La tradition a surtout associé à ce meuble le nom de ce prince-évêque (1505-1538) qui fut aussi un mécène fastueux. Il conviendrait cependant de parler plus modestement d'une armoire aux armes de la famille liégeoise de Donceel. En effet, ces armes constituent plus que vraisemblablement une marque de propriété; elles apparaissent sur le trumeau et dans un des vingt-quatre panneaux qui ont été assemblés pour constituer les deux vantaux de cette armoire prestigieuse.
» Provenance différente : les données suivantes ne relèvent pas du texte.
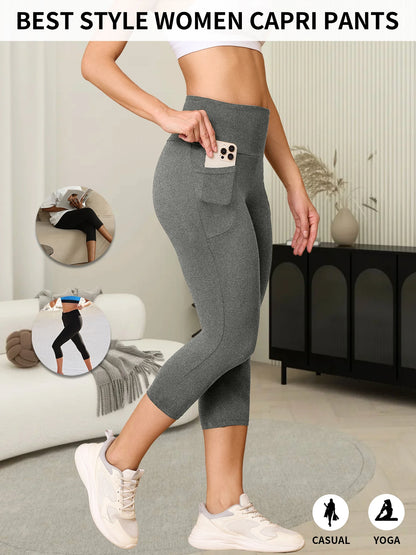 High Waisted capri pants For Women With Pockets Tummy Control No See Through Workout Running Yoga Athletic Push Up Gym Leggings.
Les trois autres armoiries qui les côtoient sont celles du Saint-Empire, de la Ville de Liège – avec la mention "Li ge" cantonnant le perron – et d'Erard de la Marck. Ces dernières sont surmontées d'un chapeau de cardinal qui permet de dater l'ensemble de la période comprise entre 1521 et 1538.
On a parfois été tenté de reconnaître dans les vingt têtes de profil l'une ou l'autre personnalité contemporaine, voire les ancêtres du cardinal et parmi ceux-ci plus particulièrement le fameux Guillaume de la Marck, dit "à la barbe", une sorte de condottiere, décapité à Maastricht en 1485, après avoir tenté d'imposer son fils Jean à la tête de la principauté épiscopale. Certains historiens continuent imperturbablement à confondre ce dernier avec son frère Evrard III, sous le surnom de "Sanglier des Ardennes". La présence de ces deux acteurs importants de l'histoire liégeoise de la fin du 15e siècle n'est rien moins que purement hypothétique !
Le fait que l'un des vingt "portraits" du vantail droit soit d'une conception graphiquement différente pourrait faire penser à un assemblage postérieur à la Renaissance. Il convient cependant de remarquer qu'il appartient au même type que ceux figurant sur les portes de clôture des églises namuroises de Biesme et de Malonne qui sont eux aussi indiscutablement de la première moitié du 16e siècle.
Contrairement à celui du 18e siècle, le mobilier liégeois de cette période n'a pas encore bénéficié d'une indispensable analyse critique et d'une comparaison "archéologique" avec d'autres témoins fort proches et actuellement conservés au musée des arts décoratifs de Paris ainsi qu'au château de Langeais…
On rapprochera de ce chef-d'œuvre une intéressante porte, unique témoin mobilier du 16e siècle liégeois provenant incontestablement du Palais des princes-évêques. Ses deux panneaux supérieurs sont sculptés et représentent saint Michel et l'Ange arrêtant Balaam.